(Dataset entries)
--

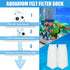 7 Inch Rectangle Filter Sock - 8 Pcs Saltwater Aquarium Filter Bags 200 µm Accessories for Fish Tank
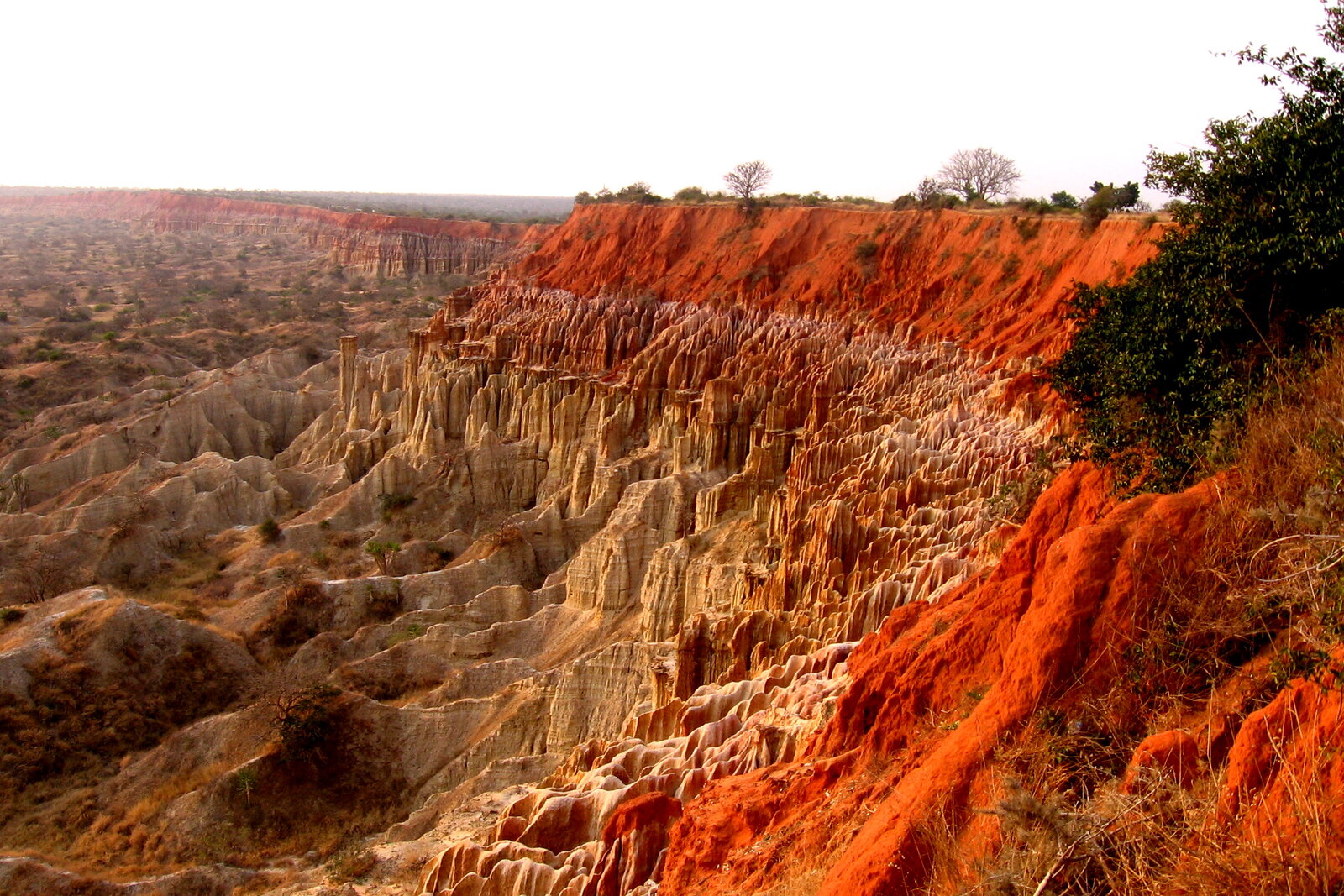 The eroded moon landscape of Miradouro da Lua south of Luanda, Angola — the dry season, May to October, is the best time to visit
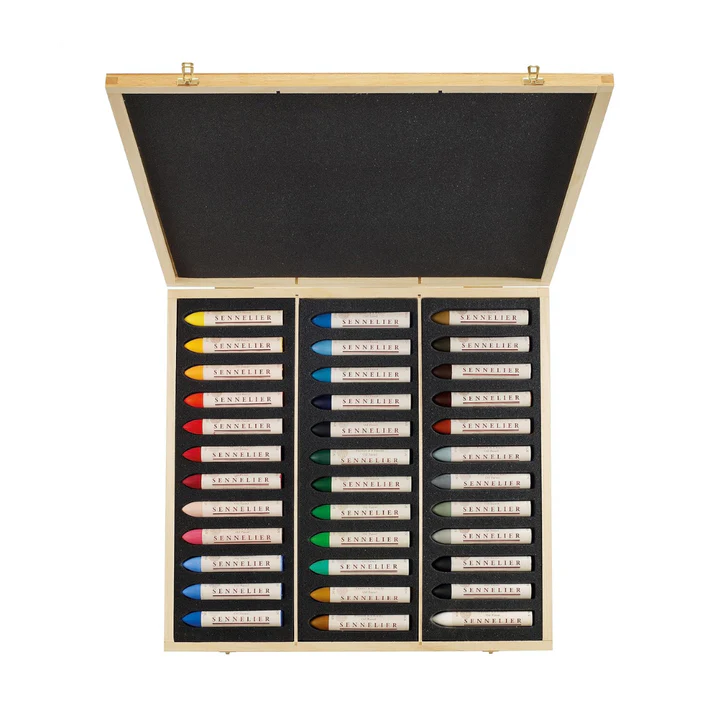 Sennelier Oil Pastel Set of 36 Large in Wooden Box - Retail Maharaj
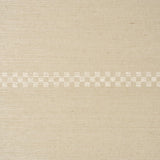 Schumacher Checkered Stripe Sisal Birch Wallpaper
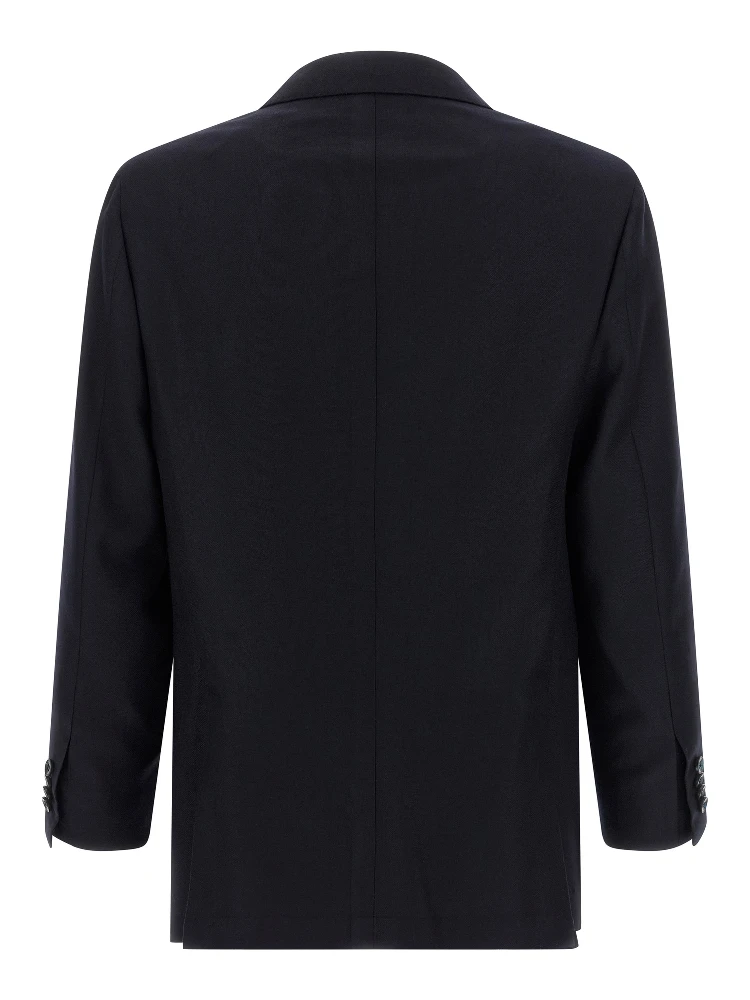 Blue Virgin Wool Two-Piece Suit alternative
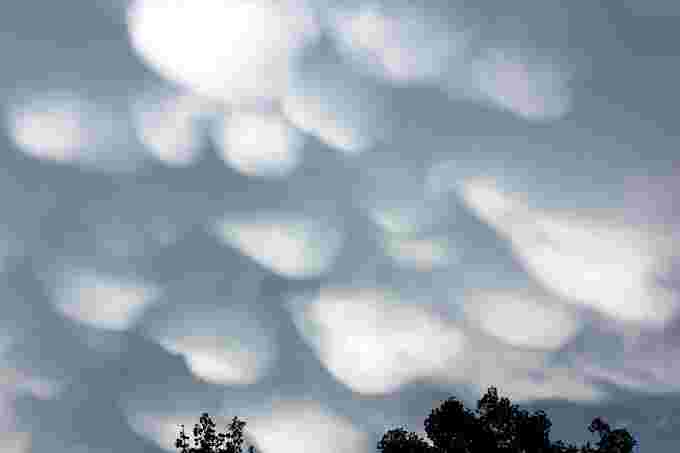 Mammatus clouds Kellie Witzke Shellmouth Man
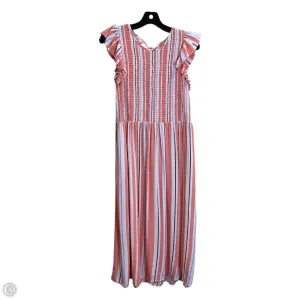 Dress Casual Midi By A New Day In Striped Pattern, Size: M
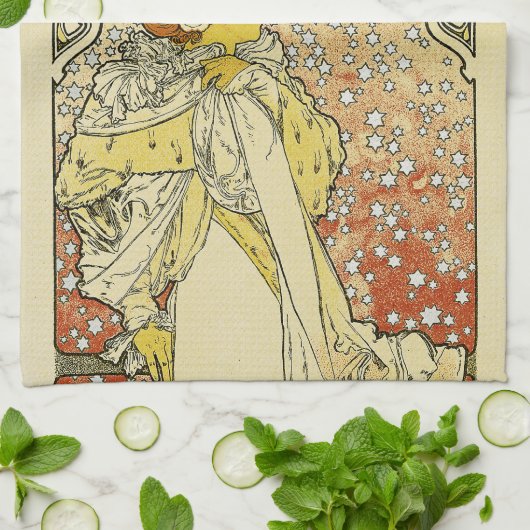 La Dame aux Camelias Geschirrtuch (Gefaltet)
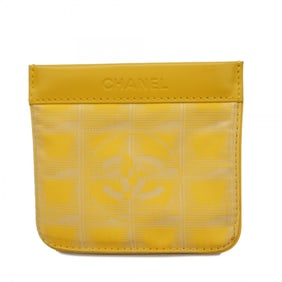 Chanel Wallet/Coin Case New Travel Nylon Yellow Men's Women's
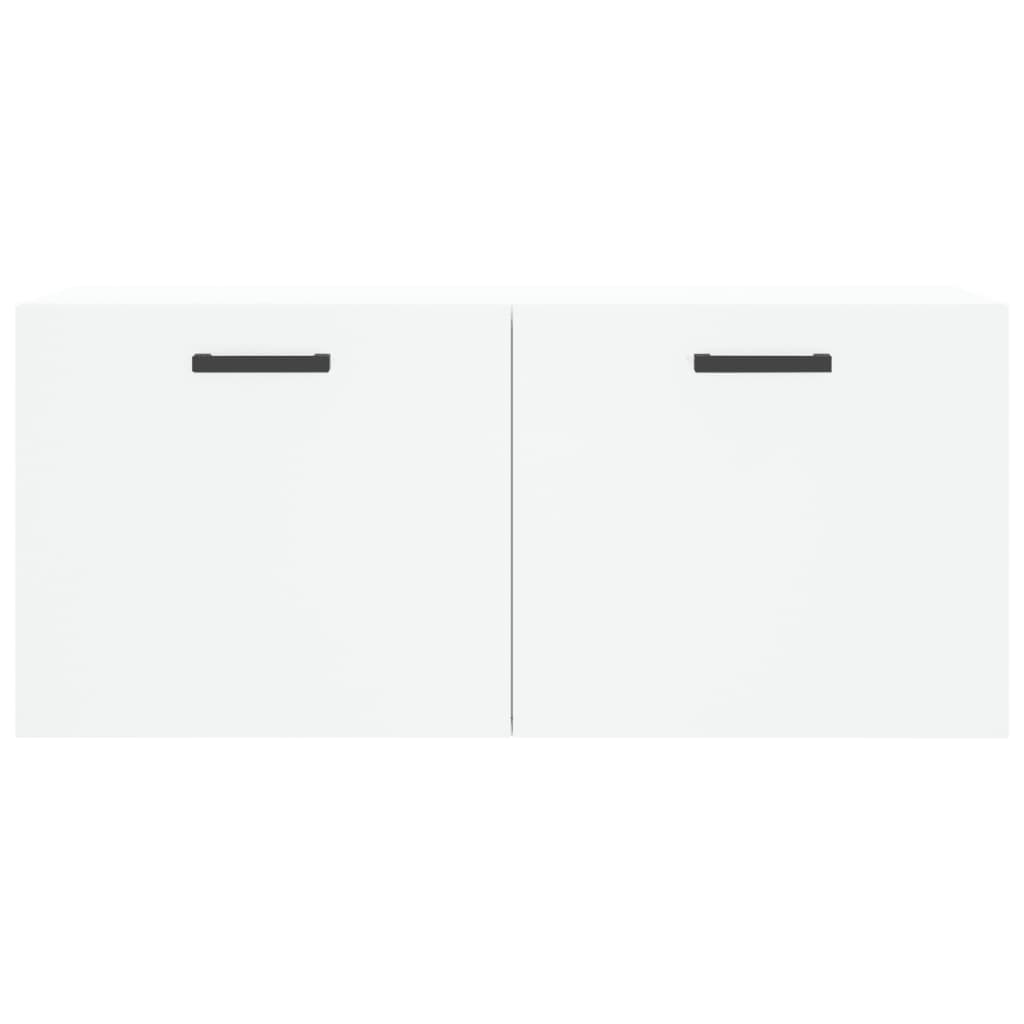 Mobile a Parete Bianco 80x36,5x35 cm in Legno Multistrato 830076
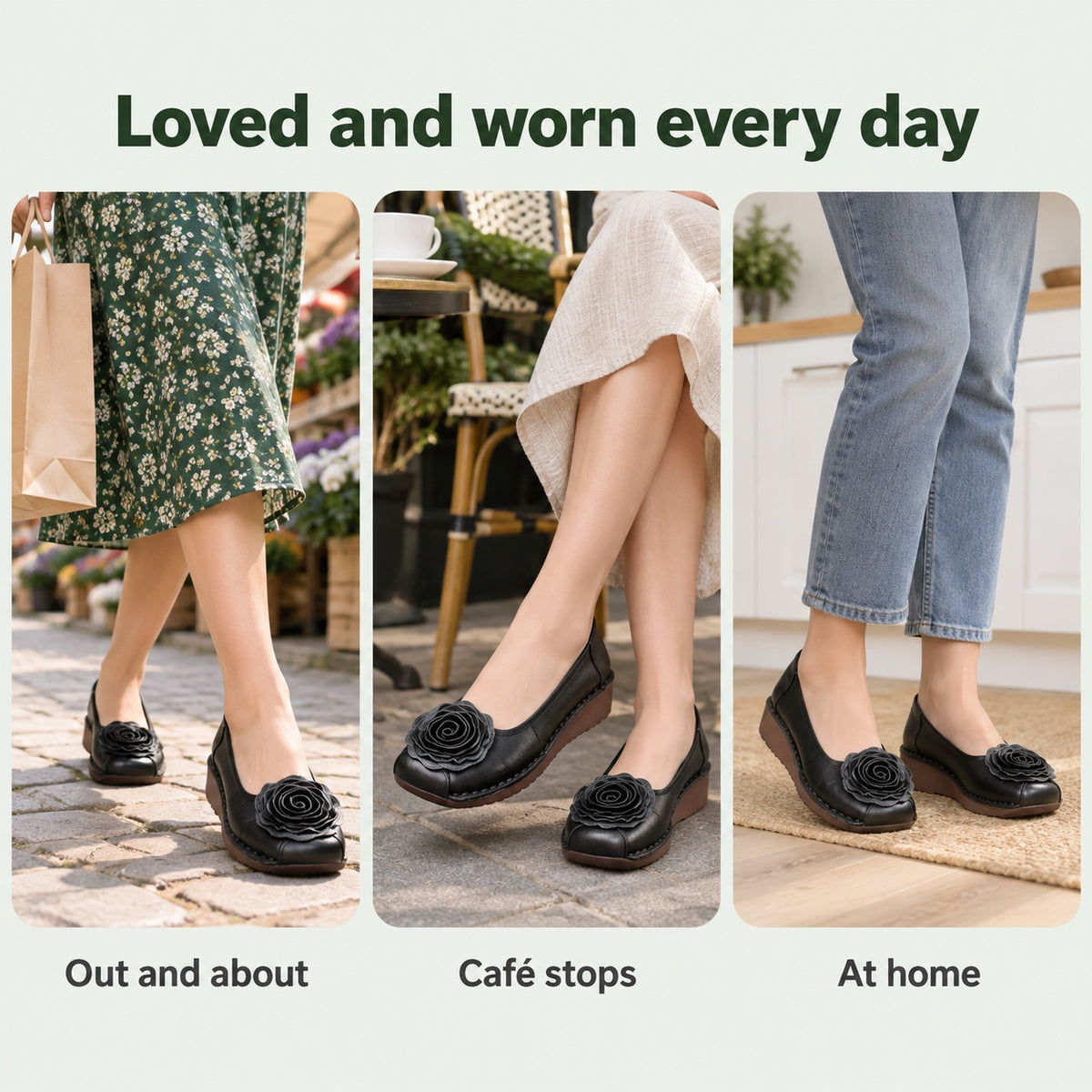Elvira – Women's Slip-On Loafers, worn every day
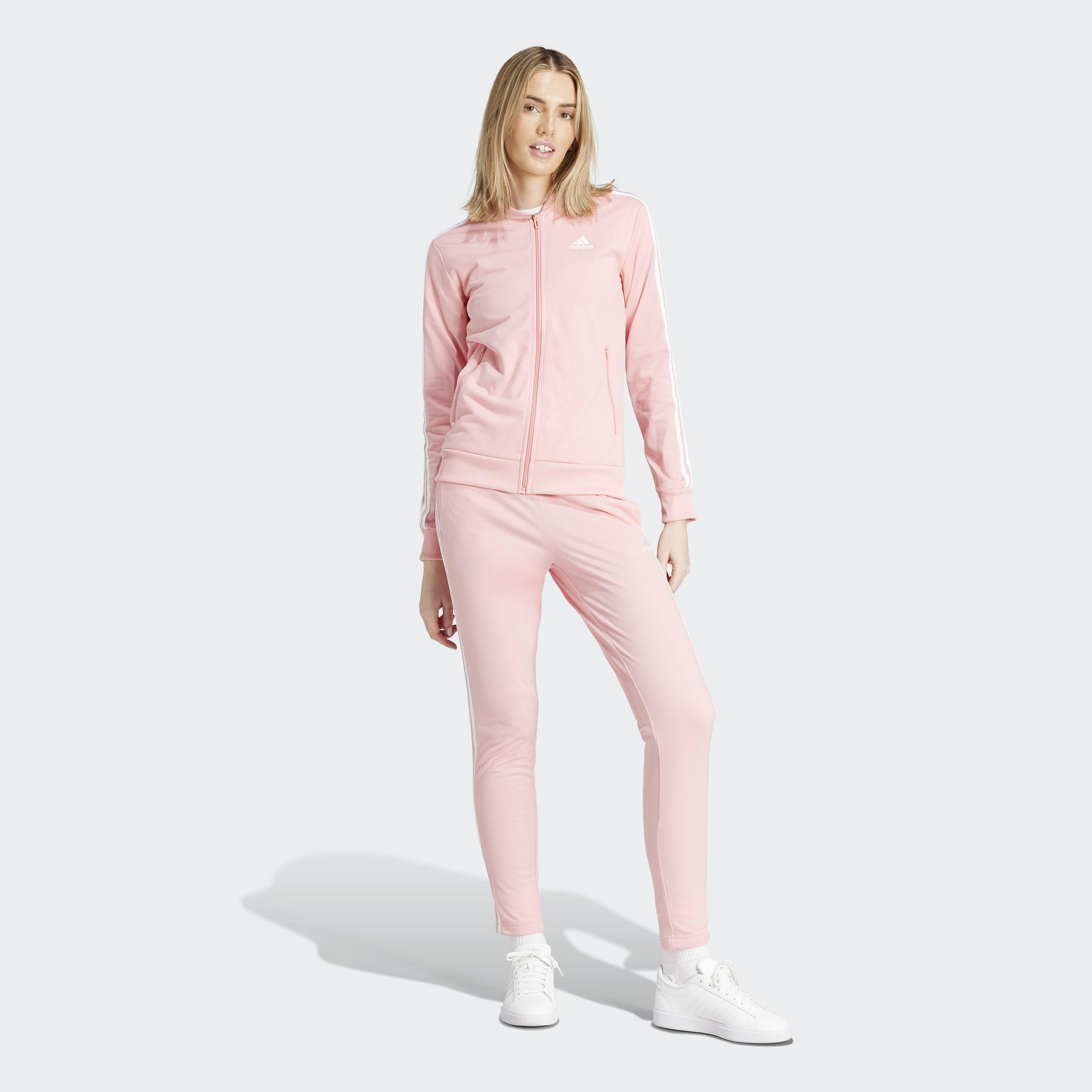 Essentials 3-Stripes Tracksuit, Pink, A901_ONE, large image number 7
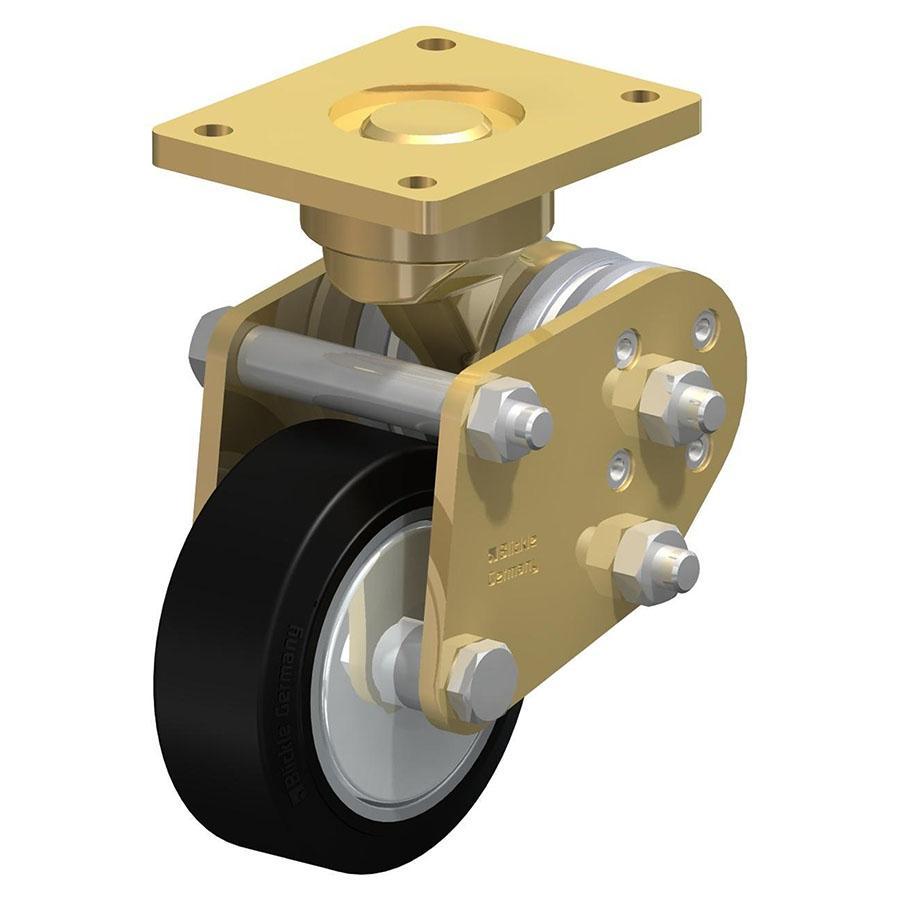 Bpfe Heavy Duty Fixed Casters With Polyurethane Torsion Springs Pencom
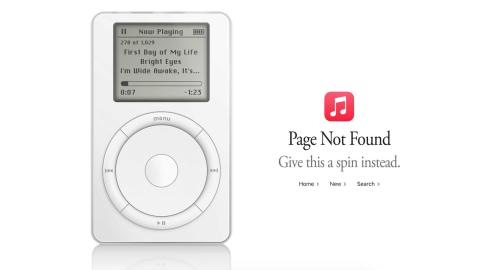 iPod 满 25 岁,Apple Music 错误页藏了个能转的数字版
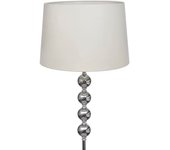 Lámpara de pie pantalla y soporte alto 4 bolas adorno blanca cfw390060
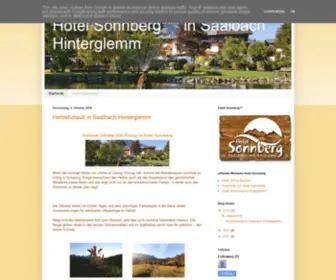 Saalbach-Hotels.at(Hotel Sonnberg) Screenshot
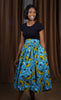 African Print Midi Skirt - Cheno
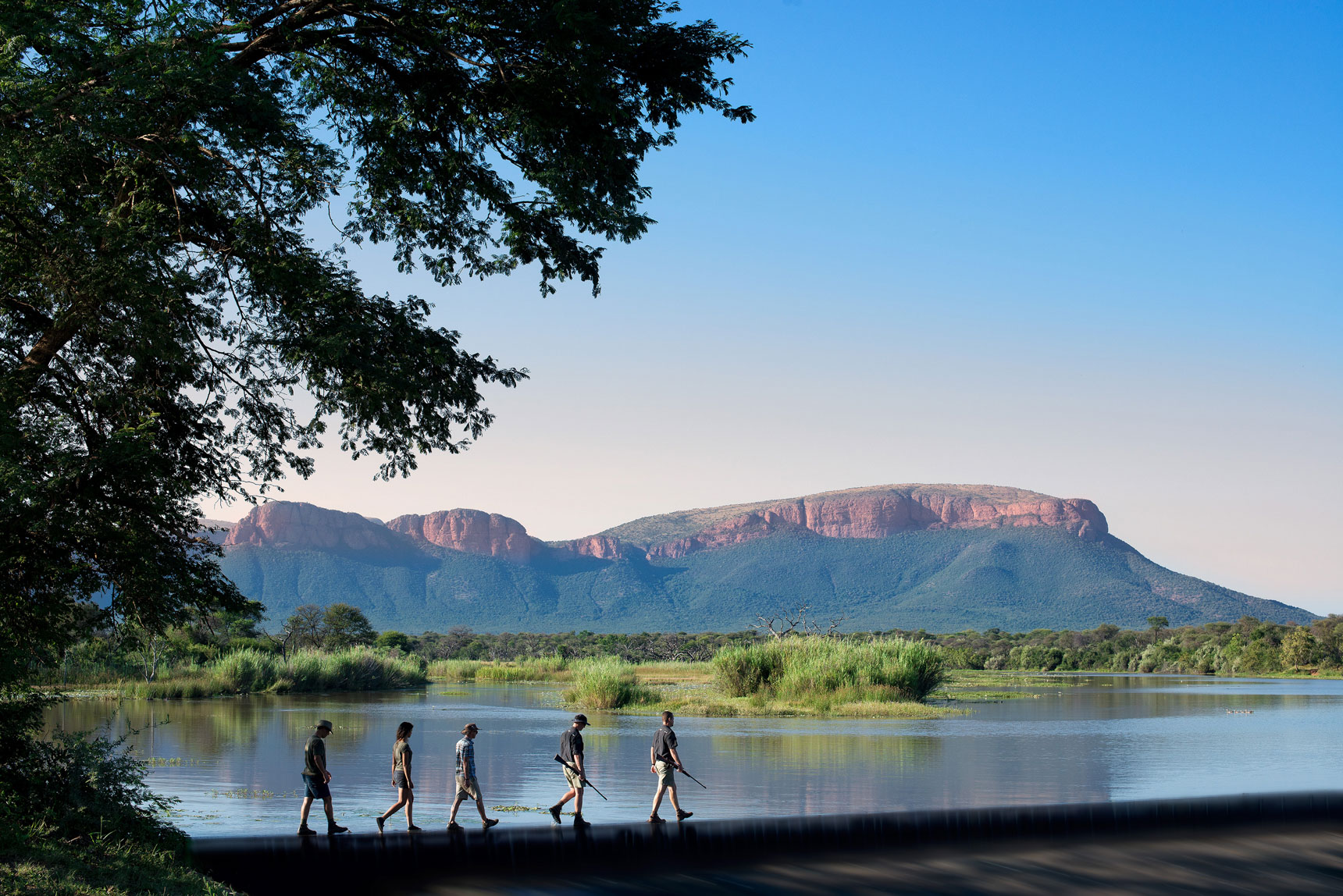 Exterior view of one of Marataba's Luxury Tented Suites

--

Before duplicating, set the pictures aside; then output exactly the lines from the one with "Blue Virgin Wool Two-Piece Suit alternative" through the end of the records, and only those.

 Blue Virgin Wool Two-Piece Suit alternative
 Mammatus clouds Kellie Witzke Shellmouth Man
 Dress Casual Midi By A New Day In Striped Pattern, Size: M
 La Dame aux Camelias Geschirrtuch (Gefaltet)
 Chanel Wallet/Coin Case New Travel Nylon Yellow Men's Women's
 Mobile a Parete Bianco 80x36,5x35 cm in Legno Multistrato 830076
Elvira – Women's Slip-On Loafers, worn every day
 Essentials 3-Stripes Tracksuit, Pink, A901_ONE, large image number 7
 Bpfe Heavy Duty Fixed Casters With Polyurethane Torsion Springs Pencom
 iPod 满 25 岁,Apple Music 错误页藏了个能转的数字版
 Lámpara de pie pantalla y soporte alto 4 bolas adorno blanca cfw390060
 Saalbach-Hotels.at(Hotel Sonnberg) Screenshot
 African Print Midi Skirt - Cheno
 Exterior view of one of Marataba's Luxury Tented Suites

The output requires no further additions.